Problem description: From the entries below, retype only the lines from the one with "Direbús celebra su" through the one with "5 ngày, 4 học sinh tử vong do đuối nước - 1", exactly as written.

Collected data:
=== Section Start ===

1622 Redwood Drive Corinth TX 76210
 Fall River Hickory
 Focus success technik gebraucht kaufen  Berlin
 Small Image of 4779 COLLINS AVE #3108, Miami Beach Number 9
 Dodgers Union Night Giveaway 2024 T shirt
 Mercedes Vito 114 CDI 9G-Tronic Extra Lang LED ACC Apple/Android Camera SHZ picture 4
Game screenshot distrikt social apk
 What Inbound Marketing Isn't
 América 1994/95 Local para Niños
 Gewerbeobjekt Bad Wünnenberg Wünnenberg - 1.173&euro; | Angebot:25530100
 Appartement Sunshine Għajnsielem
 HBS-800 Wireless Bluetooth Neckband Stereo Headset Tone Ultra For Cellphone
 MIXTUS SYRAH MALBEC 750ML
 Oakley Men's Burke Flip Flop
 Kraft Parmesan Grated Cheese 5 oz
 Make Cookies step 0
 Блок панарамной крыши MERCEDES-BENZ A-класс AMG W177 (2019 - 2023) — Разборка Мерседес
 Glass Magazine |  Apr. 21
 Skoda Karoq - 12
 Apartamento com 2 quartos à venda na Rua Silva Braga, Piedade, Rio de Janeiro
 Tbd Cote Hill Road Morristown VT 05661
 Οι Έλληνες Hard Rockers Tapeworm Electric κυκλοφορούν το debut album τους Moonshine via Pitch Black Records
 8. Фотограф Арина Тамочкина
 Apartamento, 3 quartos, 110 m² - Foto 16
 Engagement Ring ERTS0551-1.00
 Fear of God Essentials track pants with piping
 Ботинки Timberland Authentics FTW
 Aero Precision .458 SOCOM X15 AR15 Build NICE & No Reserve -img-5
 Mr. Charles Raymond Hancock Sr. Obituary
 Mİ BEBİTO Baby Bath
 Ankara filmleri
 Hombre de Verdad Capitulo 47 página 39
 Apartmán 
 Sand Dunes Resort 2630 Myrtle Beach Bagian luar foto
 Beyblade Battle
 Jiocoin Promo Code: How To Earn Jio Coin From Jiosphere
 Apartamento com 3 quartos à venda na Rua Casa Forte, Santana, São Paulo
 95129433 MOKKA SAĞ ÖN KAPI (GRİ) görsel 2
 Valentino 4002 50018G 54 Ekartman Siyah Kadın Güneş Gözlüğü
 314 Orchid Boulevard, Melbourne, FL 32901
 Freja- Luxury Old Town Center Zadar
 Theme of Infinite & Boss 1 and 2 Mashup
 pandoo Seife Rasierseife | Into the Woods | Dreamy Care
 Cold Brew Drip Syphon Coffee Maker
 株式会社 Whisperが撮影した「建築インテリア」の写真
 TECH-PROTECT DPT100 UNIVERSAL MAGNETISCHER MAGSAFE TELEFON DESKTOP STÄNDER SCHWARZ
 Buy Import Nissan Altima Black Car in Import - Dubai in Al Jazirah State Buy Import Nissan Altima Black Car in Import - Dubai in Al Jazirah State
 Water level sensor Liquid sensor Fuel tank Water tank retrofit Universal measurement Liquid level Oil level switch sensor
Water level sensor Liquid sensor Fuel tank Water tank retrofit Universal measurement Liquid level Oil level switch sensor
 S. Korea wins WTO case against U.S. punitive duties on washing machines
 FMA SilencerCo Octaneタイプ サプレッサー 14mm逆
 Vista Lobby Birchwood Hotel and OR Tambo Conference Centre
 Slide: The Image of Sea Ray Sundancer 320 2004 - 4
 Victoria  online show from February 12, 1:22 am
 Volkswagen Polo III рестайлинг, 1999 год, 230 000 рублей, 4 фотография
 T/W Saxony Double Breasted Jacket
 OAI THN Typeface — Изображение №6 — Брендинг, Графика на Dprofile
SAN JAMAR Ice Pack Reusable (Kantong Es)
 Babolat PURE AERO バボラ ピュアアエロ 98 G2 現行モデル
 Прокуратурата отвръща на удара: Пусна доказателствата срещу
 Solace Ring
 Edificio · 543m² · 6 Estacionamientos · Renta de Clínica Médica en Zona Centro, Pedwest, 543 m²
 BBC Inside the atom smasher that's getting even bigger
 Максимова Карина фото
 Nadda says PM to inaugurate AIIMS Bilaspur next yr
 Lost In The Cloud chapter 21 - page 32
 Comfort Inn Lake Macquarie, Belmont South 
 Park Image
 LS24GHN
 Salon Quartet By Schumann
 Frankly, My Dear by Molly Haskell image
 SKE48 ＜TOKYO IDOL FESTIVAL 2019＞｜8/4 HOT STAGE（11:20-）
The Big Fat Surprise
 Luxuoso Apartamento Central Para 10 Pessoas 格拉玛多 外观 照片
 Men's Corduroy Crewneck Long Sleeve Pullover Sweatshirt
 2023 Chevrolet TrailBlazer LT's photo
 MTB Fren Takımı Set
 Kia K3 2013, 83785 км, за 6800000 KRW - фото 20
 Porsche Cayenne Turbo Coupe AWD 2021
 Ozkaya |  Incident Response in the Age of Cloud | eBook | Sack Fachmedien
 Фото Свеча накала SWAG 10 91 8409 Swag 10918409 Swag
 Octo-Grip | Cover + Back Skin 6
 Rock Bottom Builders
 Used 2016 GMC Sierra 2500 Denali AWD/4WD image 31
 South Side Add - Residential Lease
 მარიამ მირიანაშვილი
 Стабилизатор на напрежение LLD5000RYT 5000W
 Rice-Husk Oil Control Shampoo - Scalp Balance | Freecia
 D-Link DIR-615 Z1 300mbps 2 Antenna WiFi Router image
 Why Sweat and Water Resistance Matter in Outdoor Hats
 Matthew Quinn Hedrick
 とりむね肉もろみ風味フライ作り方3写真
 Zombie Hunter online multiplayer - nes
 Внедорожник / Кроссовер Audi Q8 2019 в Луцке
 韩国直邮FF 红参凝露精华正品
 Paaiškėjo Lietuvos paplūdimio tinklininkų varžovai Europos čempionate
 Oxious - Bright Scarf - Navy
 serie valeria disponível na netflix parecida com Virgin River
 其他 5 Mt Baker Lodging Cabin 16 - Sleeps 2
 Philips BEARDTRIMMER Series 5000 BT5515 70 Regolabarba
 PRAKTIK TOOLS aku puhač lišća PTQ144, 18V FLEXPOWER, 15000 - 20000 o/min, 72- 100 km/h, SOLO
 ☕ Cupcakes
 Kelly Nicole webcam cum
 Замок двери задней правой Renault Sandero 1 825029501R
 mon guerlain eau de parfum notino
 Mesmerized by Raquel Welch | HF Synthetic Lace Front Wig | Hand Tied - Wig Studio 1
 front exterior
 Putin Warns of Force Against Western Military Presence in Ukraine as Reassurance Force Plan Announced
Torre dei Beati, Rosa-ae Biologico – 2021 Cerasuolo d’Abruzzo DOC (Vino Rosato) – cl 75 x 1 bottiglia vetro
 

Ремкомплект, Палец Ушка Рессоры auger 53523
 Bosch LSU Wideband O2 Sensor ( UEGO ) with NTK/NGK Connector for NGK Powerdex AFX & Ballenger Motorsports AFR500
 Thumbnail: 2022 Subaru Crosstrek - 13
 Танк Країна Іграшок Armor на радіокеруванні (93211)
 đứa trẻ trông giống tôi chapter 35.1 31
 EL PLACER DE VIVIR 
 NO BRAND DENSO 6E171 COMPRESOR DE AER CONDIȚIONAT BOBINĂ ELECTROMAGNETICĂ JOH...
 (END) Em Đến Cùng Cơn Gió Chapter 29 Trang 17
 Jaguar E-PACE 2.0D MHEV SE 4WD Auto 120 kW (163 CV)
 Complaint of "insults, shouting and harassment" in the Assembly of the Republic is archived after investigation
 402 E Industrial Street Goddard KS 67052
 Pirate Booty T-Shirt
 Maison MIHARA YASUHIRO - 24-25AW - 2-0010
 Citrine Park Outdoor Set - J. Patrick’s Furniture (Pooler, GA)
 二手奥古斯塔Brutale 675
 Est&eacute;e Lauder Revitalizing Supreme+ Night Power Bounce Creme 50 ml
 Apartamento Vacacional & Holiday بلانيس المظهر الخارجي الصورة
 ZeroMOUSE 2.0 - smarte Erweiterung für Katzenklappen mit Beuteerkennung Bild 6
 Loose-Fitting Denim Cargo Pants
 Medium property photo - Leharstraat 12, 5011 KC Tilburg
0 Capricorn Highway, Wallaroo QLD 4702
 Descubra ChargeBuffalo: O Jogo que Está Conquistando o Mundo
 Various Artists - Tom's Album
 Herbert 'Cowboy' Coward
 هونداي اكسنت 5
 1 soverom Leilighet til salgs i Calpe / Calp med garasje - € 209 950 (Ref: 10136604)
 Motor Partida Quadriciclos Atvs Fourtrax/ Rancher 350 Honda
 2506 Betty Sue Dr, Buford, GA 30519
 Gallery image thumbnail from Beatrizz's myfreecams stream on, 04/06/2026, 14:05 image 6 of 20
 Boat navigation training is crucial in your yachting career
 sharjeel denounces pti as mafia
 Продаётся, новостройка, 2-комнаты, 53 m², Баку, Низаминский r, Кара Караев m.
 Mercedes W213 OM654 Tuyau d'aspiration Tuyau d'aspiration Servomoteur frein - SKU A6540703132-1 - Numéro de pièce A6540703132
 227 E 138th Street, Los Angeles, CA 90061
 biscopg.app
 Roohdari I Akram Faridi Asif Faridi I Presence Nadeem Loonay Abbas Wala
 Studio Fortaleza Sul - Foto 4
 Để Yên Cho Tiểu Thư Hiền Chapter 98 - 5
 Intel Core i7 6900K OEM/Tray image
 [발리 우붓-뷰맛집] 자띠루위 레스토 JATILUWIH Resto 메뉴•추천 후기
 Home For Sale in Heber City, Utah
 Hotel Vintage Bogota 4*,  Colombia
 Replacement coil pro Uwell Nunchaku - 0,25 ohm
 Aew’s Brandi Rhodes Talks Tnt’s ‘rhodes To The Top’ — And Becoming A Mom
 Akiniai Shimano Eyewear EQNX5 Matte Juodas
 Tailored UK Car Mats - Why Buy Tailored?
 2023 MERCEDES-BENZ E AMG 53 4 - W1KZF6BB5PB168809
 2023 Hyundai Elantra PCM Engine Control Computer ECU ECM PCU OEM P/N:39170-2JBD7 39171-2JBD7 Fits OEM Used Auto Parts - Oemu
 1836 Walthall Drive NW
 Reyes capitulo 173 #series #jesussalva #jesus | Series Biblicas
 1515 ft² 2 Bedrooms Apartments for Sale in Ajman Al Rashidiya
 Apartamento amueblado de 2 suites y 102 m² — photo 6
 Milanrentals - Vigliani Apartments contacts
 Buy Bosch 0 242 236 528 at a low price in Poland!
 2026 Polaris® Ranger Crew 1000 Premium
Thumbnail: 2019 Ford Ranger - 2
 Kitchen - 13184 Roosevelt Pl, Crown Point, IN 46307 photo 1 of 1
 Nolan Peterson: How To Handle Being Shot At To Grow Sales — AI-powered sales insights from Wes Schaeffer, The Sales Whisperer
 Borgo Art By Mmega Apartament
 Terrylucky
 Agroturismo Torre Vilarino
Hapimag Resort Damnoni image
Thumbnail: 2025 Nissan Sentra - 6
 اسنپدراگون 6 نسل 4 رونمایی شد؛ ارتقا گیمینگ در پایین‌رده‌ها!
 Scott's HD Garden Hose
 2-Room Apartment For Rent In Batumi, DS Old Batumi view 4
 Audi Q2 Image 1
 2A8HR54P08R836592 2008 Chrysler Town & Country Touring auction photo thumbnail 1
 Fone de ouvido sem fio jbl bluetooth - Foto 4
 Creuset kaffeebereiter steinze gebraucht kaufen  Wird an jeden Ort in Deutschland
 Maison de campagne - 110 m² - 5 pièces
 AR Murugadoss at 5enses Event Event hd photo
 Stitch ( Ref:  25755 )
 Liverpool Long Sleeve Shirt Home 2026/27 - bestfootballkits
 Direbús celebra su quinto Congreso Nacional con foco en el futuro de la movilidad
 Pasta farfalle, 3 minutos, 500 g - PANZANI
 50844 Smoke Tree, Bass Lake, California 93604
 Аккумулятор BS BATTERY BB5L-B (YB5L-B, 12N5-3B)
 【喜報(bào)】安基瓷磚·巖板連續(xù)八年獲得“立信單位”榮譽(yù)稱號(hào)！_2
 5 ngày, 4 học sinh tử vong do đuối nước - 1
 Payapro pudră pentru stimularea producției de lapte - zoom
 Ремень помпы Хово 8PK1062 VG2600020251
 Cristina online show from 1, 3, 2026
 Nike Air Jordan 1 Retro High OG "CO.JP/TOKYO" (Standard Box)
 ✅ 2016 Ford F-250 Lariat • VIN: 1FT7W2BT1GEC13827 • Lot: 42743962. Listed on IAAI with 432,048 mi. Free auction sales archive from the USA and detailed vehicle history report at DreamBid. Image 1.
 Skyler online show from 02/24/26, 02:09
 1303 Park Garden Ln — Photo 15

=== Section End ===

Response:
 Direbús celebra su quinto Congreso Nacional con foco en el futuro de la movilidad
 Pasta farfalle, 3 minutos, 500 g - PANZANI
 50844 Smoke Tree, Bass Lake, California 93604
 Аккумулятор BS BATTERY BB5L-B (YB5L-B, 12N5-3B)
 【喜報(bào)】安基瓷磚·巖板連續(xù)八年獲得“立信單位”榮譽(yù)稱號(hào)！_2
 5 ngày, 4 học sinh tử vong do đuối nước - 1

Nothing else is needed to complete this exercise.